• WORK TASK: If a line of the records contains the string "Apartment", copy it out.

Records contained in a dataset
───
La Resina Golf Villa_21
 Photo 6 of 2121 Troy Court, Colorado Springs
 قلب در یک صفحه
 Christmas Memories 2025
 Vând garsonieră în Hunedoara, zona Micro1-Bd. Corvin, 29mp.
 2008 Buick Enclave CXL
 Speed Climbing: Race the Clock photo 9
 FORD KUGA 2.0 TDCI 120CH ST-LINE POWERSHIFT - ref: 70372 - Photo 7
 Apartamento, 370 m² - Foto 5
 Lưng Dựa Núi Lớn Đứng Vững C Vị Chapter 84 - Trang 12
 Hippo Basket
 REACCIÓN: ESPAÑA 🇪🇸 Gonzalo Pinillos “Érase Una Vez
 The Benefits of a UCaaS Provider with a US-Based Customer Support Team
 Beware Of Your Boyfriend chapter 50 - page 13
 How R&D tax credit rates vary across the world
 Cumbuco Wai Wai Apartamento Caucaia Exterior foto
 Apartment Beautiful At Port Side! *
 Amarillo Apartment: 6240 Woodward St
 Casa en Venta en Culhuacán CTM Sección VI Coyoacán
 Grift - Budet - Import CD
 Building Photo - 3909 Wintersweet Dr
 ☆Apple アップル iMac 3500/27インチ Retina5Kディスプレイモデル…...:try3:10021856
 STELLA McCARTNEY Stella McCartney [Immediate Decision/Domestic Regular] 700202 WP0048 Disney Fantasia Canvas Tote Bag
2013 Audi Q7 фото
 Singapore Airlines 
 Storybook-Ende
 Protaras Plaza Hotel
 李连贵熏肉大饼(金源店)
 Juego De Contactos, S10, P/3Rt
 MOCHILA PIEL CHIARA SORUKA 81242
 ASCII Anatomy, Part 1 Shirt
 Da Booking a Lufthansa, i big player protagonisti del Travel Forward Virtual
───
• SOLUTION BELOW:
 Apartment Beautiful At Port Side! *
 Amarillo Apartment: 6240 Woodward St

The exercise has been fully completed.